• _WORK ITEM_
Please restate each entry word for word and leave the pictures out.

• _Collected data_
+++
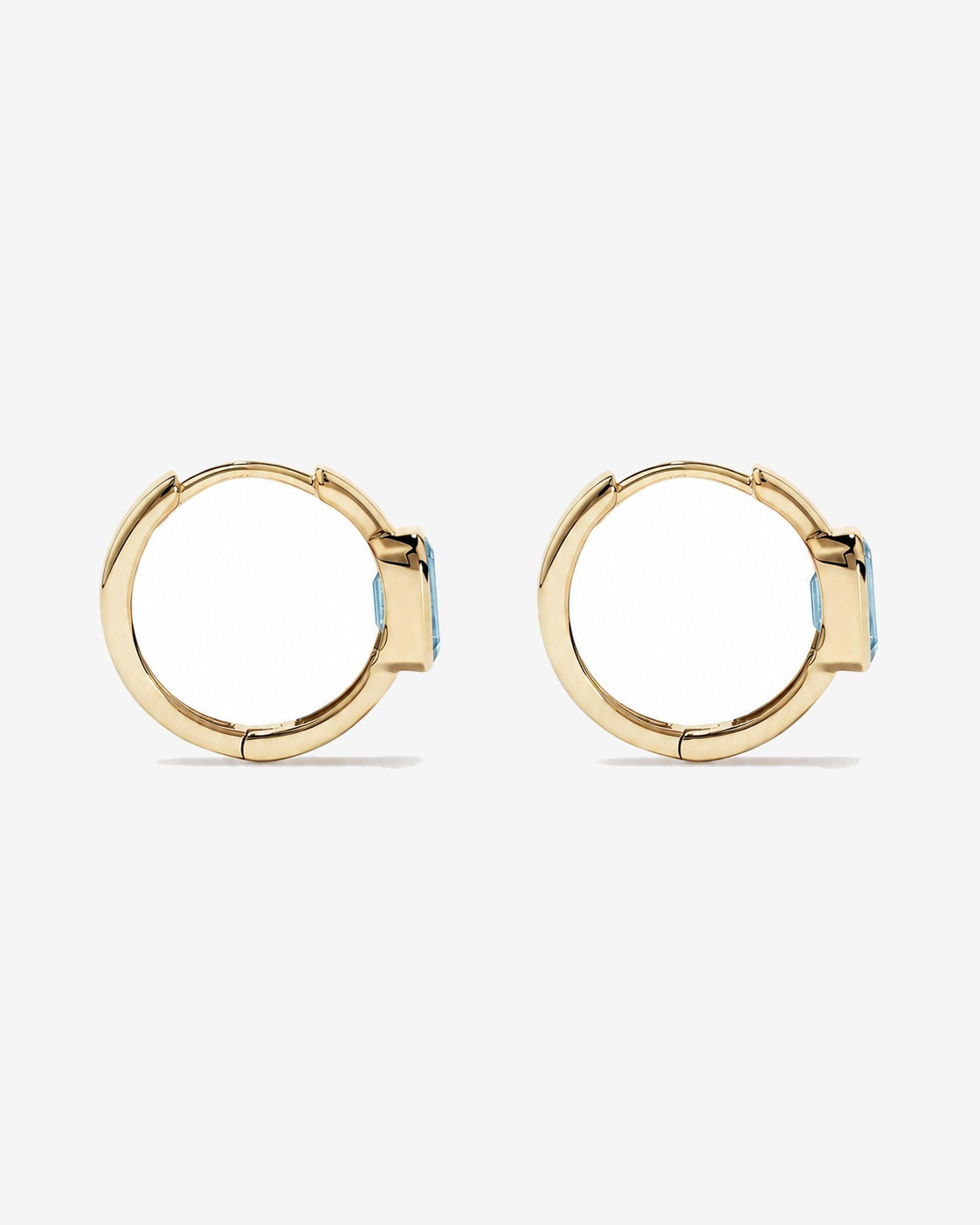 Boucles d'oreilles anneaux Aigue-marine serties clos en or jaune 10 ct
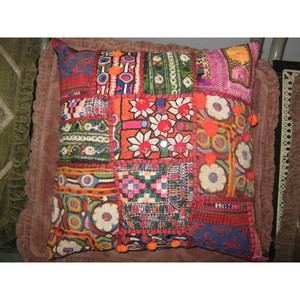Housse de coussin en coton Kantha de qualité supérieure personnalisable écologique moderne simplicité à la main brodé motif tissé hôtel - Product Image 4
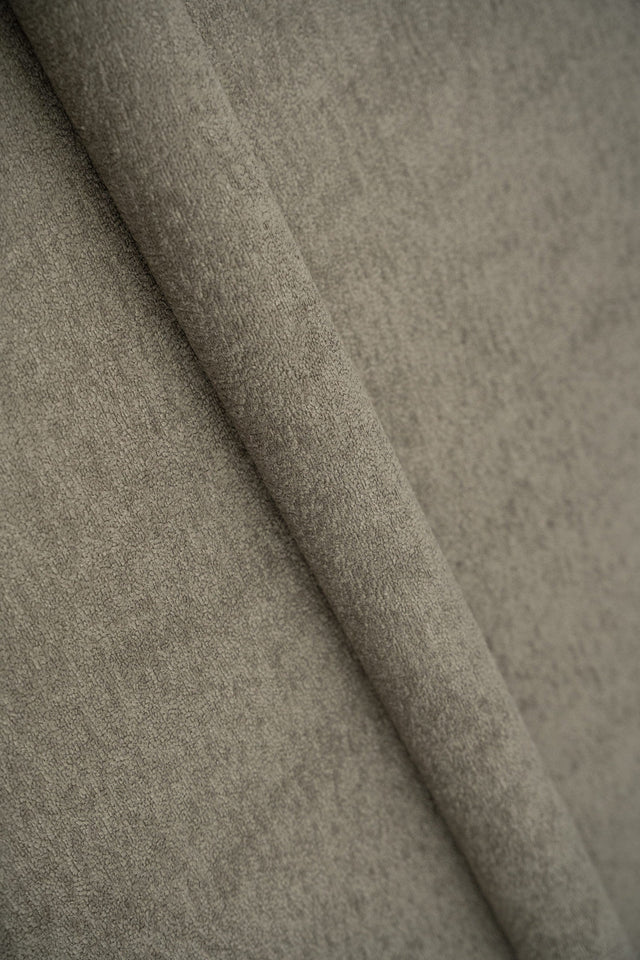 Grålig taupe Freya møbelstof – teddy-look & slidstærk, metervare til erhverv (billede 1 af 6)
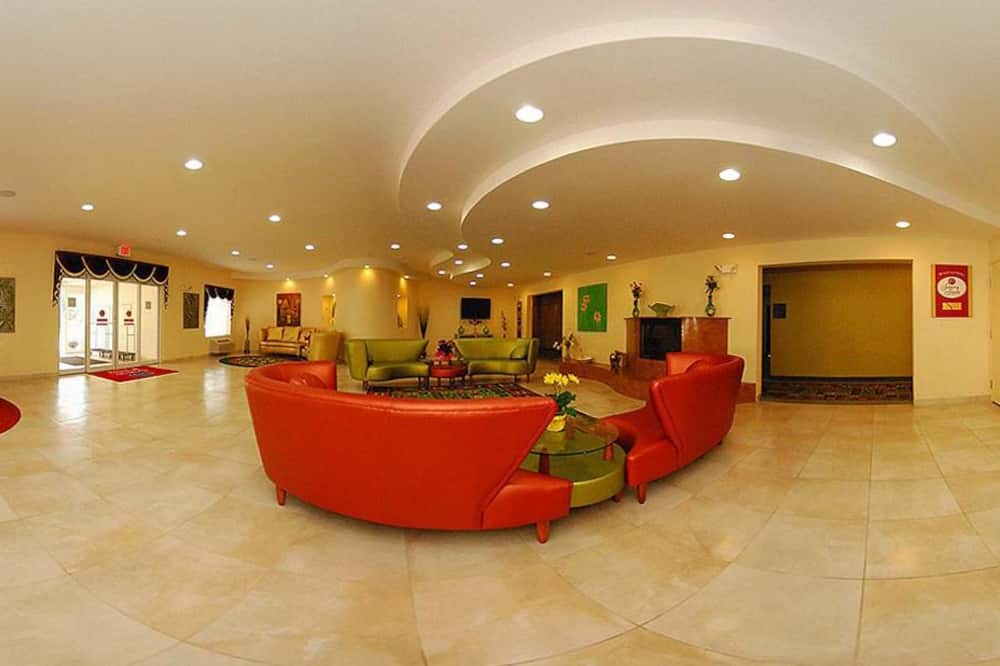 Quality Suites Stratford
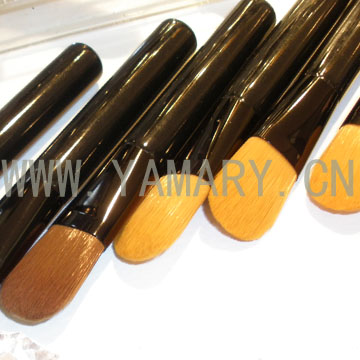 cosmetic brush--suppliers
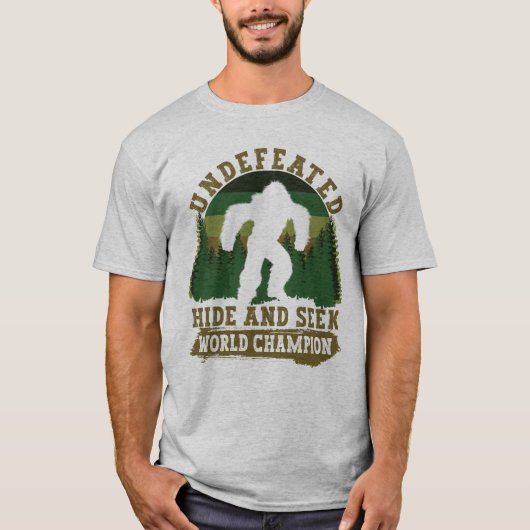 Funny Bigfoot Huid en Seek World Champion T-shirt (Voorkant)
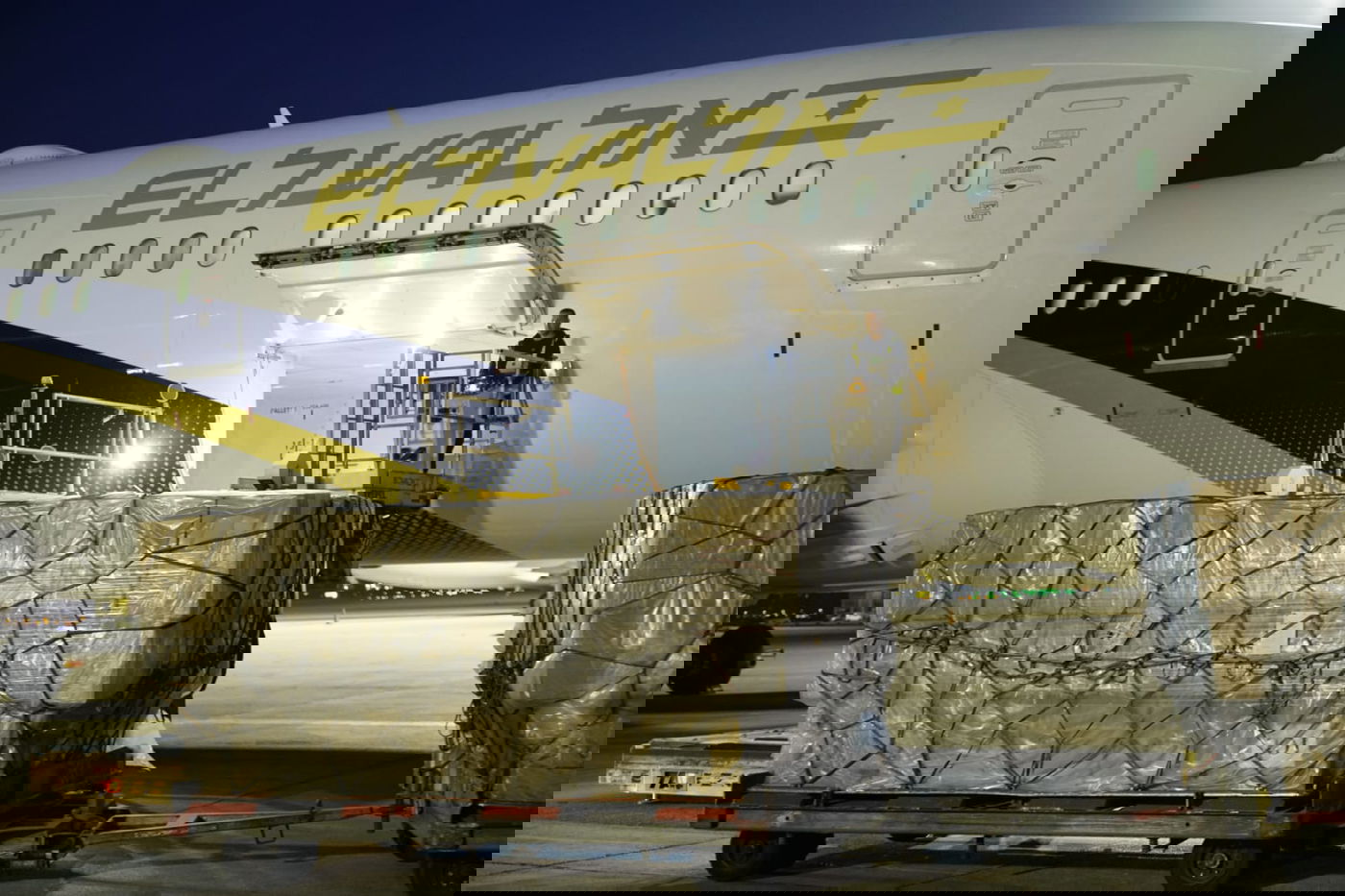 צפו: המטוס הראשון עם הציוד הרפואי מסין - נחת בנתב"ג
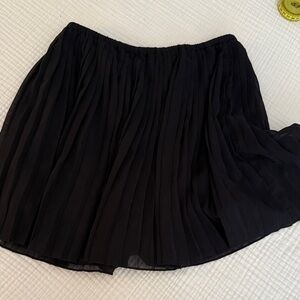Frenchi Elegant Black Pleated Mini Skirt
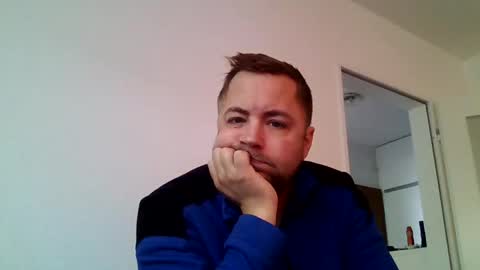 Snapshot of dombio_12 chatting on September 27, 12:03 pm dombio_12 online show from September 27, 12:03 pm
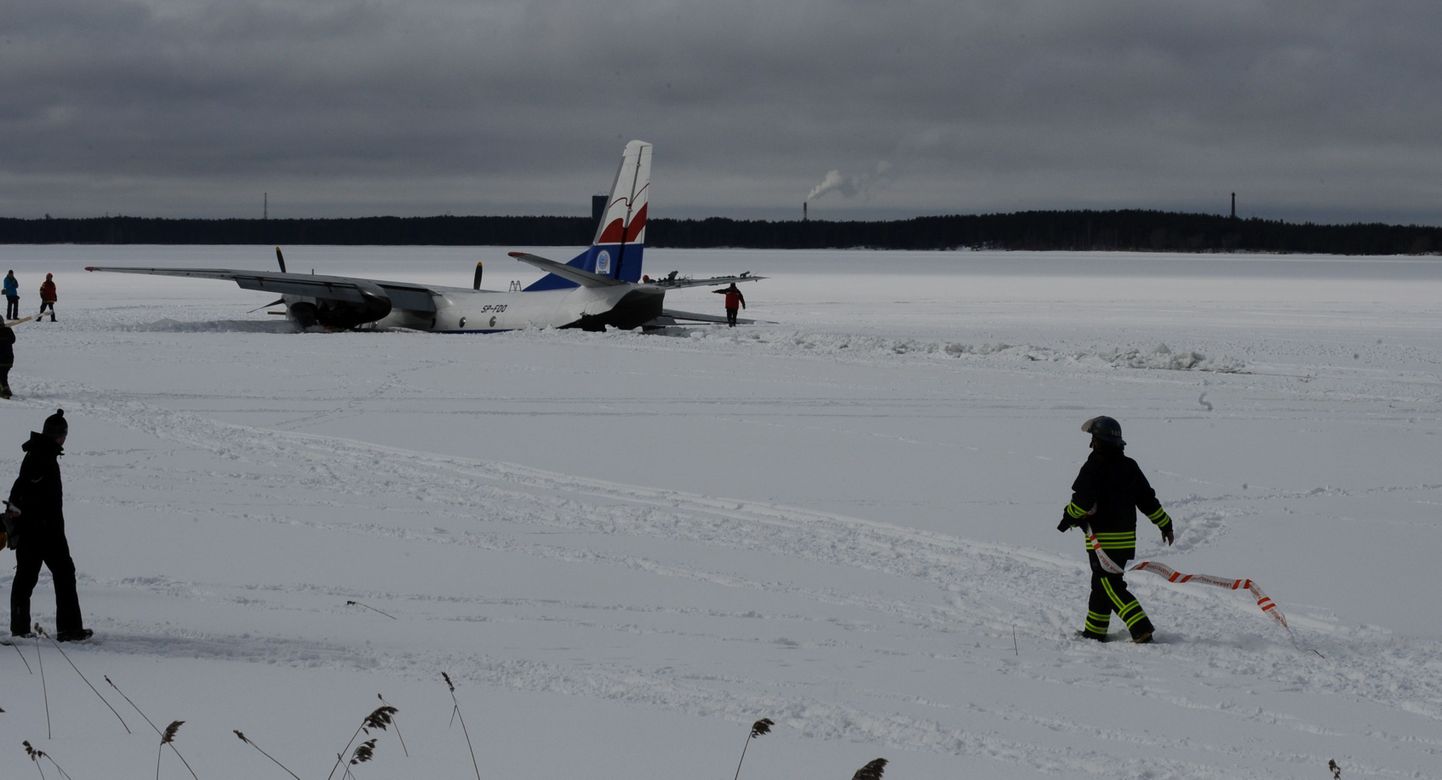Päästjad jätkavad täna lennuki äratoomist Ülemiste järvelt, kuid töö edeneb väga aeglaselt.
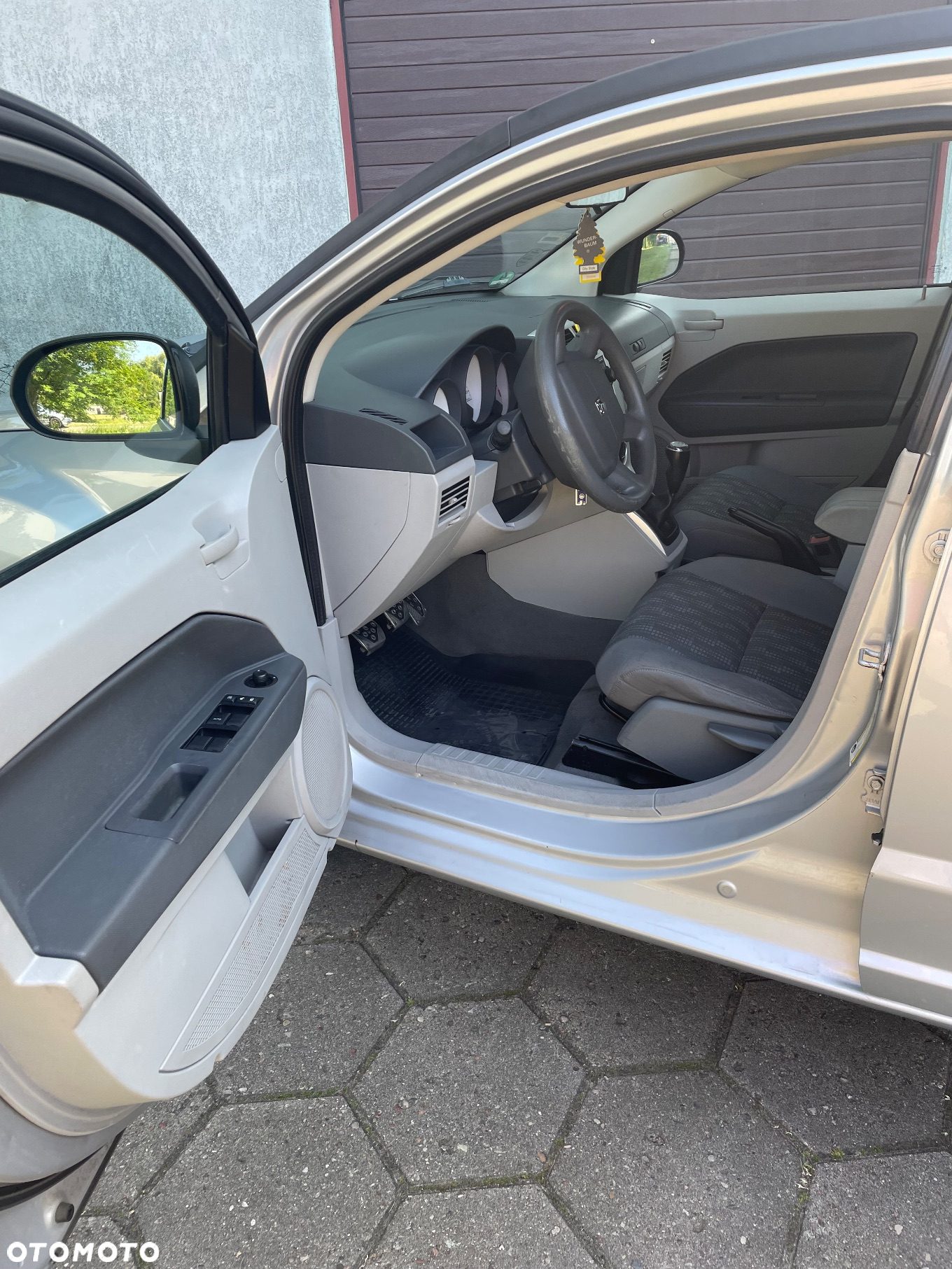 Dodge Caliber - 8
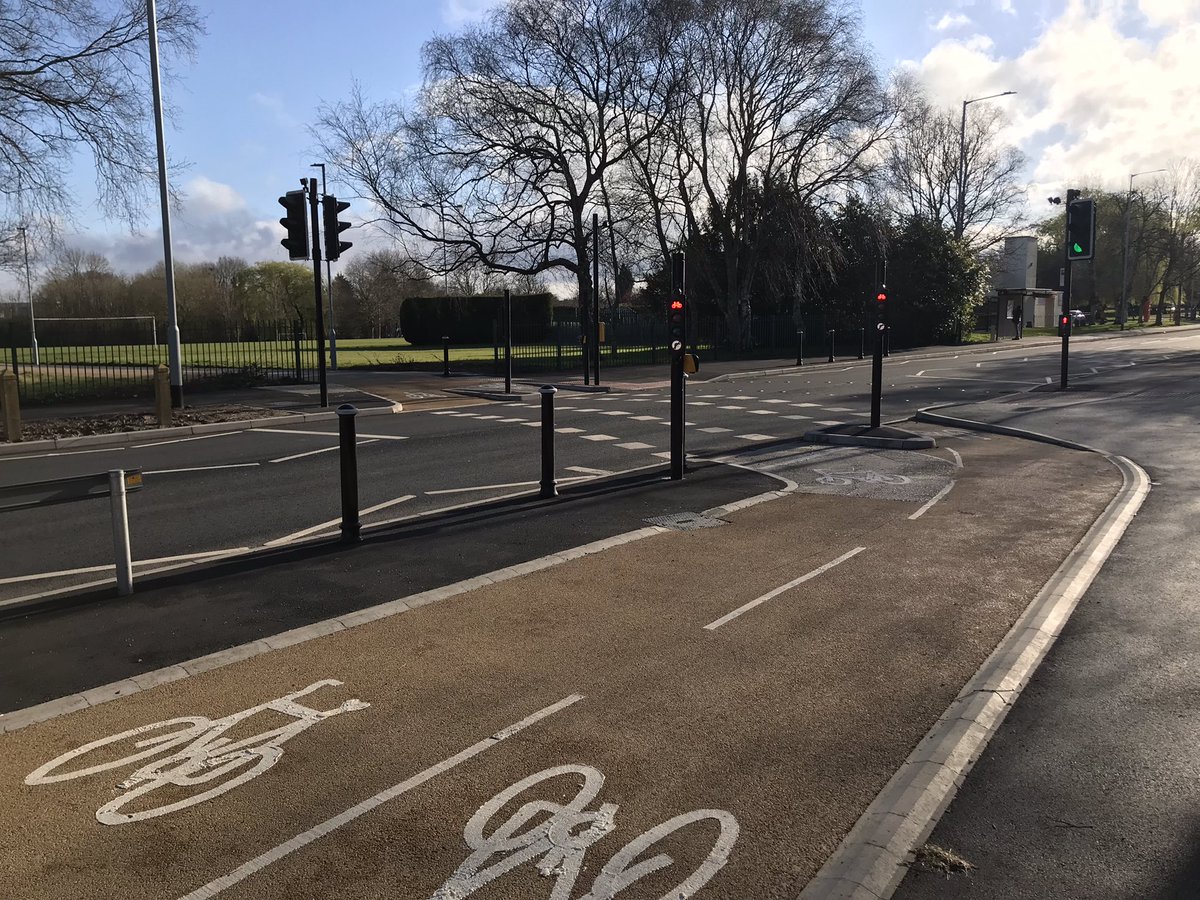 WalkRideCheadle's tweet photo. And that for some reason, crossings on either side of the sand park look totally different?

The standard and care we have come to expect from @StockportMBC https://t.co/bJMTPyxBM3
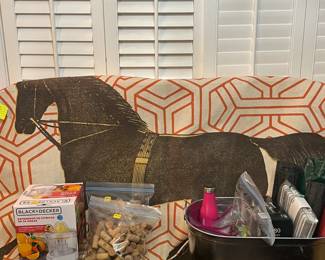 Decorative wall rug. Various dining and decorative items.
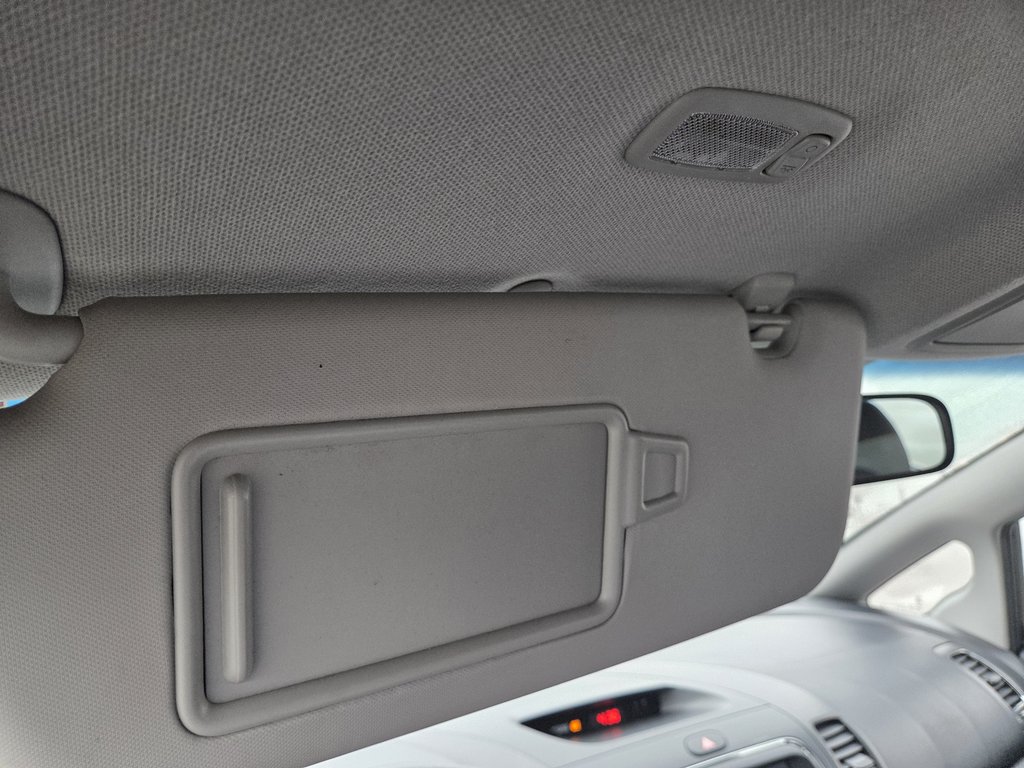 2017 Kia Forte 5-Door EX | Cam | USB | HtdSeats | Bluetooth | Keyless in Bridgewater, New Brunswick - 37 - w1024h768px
+++
• _RESPONSE TO THIS TASK_
 Boucles d'oreilles anneaux Aigue-marine serties clos en or jaune 10 ct
Housse de coussin en coton Kantha de qualité supérieure personnalisable écologique moderne simplicité à la main brodé motif tissé hôtel - Product Image 4
 Grålig taupe Freya møbelstof – teddy-look & slidstærk, metervare til erhverv (billede 1 af 6)
 Quality Suites Stratford
 cosmetic brush--suppliers
 Funny Bigfoot Huid en Seek World Champion T-shirt (Voorkant)
 צפו: המטוס הראשון עם הציוד הרפואי מסין - נחת בנתב"ג
Frenchi Elegant Black Pleated Mini Skirt
 Snapshot of dombio_12 chatting on September 27, 12:03 pm dombio_12 online show from September 27, 12:03 pm
Päästjad jätkavad täna lennuki äratoomist Ülemiste järvelt, kuid töö edeneb väga aeglaselt.
 Dodge Caliber - 8
 WalkRideCheadle's tweet photo. And that for some reason, crossings on either side of the sand park look totally different?

The standard and care we have come to expect from @StockportMBC https://t.co/bJMTPyxBM3
 Decorative wall rug. Various dining and decorative items.
 2017 Kia Forte 5-Door EX | Cam | USB | HtdSeats | Bluetooth | Keyless in Bridgewater, New Brunswick - 37 - w1024h768px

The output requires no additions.